Last Week on My Mac: APFS and pursuit of the free lunch

Ever since our ancestors first built shelters we’ve been in search for more storage space. The ingenuity displayed by designers of modern caravans reflects the effort we’re prepared to expend squeezing more into less, a pursuit for the most prized free lunch of them all.

The designers of APFS succumbed to the quest for that same free lunch. Apple’s brief overview for developers explains how:

  • “A clone is a copy of a file or directory that occupies no additional space on disk.”
  • “You can use this behavior, for example, to reduce storage space required for document revisions and copies.”
  • “Free Space Is Shared Between Volumes”
  • “This behavior lets files that contain blank sections, such as disk images and database dumps, be saved on disk more efficiently.”

There’s a warning, though, that this lunch might not be completely free:
“Computing the sum of each volume’s available free space isn’t a reliable way to determine the total free space within a partition. In general, check whether the space required to perform a particular operation is available on the volume, rather than trying to calculate the partition’s total free space.”

Over the last couple of weeks, I’ve been revisiting two of these techniques for saving storage space, sparse files and clones, both of which are almost entirely hidden from users and administrators by the opaque magic of APFS. In neither case does an app have direct control over whether the file system employs the technique: they’re both automatic when certain API calls are made, and only in the last few months have developers even been able to detect whether their files are stored in sparse format or have been cloned. Users are told of the free lunch, but not its hidden costs.

Sparse files are of course common features of other file systems, but their more demanding requirements mean that in many circumstances they’re little used. In a survey of my ~/Documents folder, of over 70,000 files only 22 were found to be sparse, with a total expanded size of nearly 8 GB. Calculate their sparsity ratios, equivalent to the data compression ratio of expanded size against size taken on disk, and few exceed 2.0. Some specialist files, particularly databases, far exceed that, but it’s unusual for these to cause problems even when copied to file systems which don’t support sparse formats.
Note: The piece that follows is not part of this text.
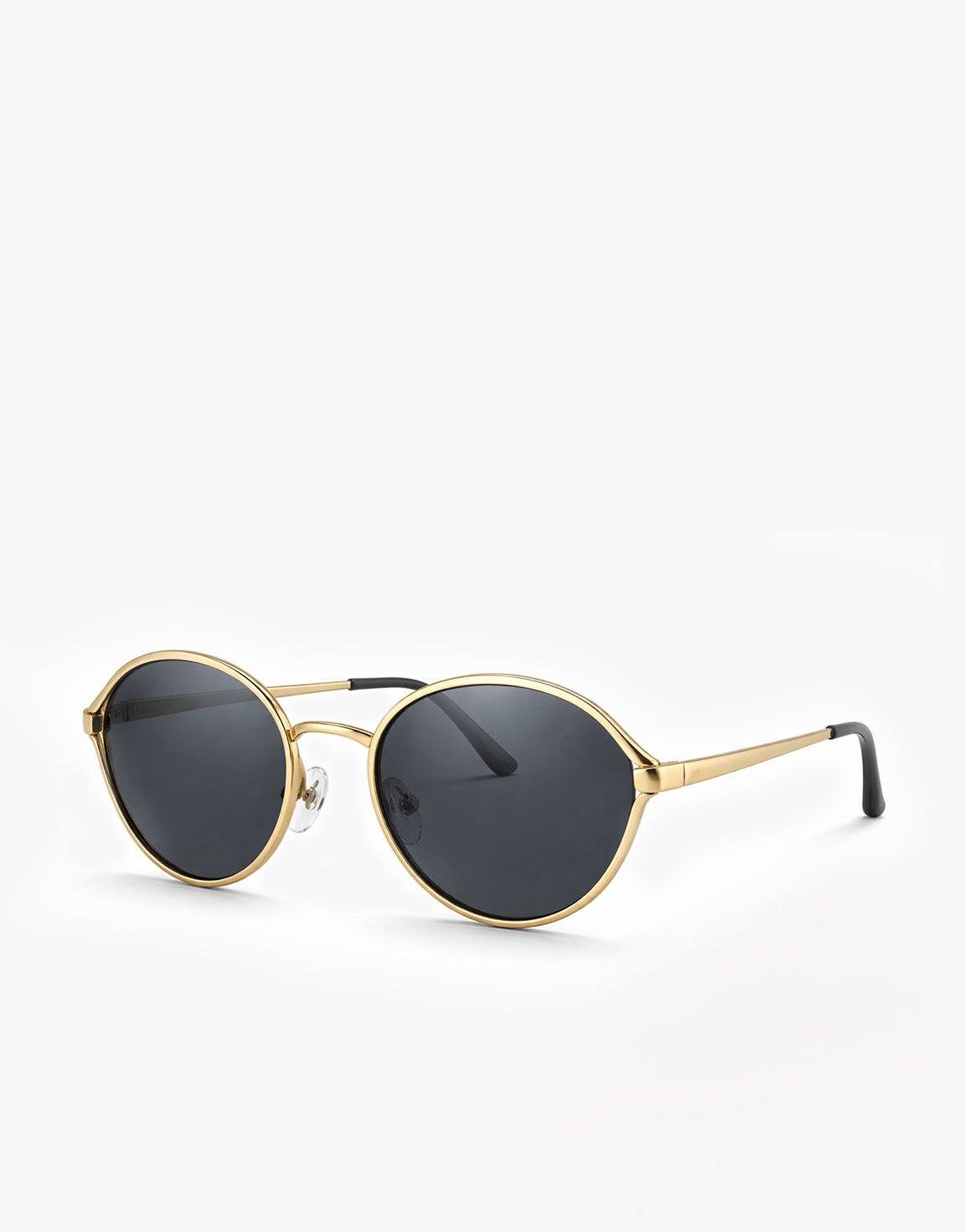 Zwarte Ovale Statement Montuur - Zonnebril - Olivia & Kate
Clones are much more common. Over 30% of the files, totalling 7 GB, in that same ~/Documents folder have at some time in the past been clones or cloned. But there’s no currently accessible way of determining how much that free lunch could eventually cost, as determining how much storage is allocated to more than one file is something confined to the file system, if APFS even knows. They’re an irresistable side-effect of the efficient implementation of copy-on-write in APFS: the principle of only writing out changed blocks makes this affordable on media whose life is limited by the number of times its blocks can be erased.

Because expansion of sparse files and clones to full size is controlled by the file system, the only safe course for apps, users and administrators is to budget according to their fully expanded size, rather than that occupied on disk. Trying to fill any disk to the currently unused space is sooner or later going to result in conflict, when additional space is required to add to a changed cloned file or a sparse file gaining more data.

If freeing up storage doesn’t return any more usable free space, what are the real benefits then to sparse files and clones?

Apple identifies those in terms of efficiency:

  • “Clones let you make fast, power-efficient file copies on the same volume.”
  • “This behavior lets files that contain blank sections, such as disk images and database dumps, be saved on disk more efficiently.”

Cloning large files is an impressive sleight of file system. With just a few bytes being written to the file system, it looks like a whole new 100 GB file has been copied in an instant. It isn’t a real saving, of course, unless the copy functions like a hard link, and never changes. If either original or copy are changed much, this saving turns into a debt which is steadily repaid with every edit. There’s no debt incurred in speed, though, and most importantly it minimises the amount of storage which has to be erased, so reducing SSD wear and extending working life.

When used appropriately, sparse files are far more efficient in every respect. Because their savings aren’t tied to that specific volume but baked into the format, they can get away without ever repaying their debt on Macs which have abandoned file systems like HFS+. But for those users still backing up to or working with systems which don’t enjoy support, sparse files will bring shocks, such as a backup of what seemed like 2 GB which expands during copying to ten or even a hundred times that size. Those bugs need to be addressed.

The other hidden cost of both sparse files and clones is increasing complexity and user confusion. This hasn’t been helped by macOS’s recent history – since the arrival of APFS – of being unable to give a consistent and sensible account of free and used space on storage.

Just as the caravan designer can fold a 2.5 metre bed into a 2 metre trailer, you still can’t expand it to full size without making the trailer bigger. There’s always some cost to that lunch after all.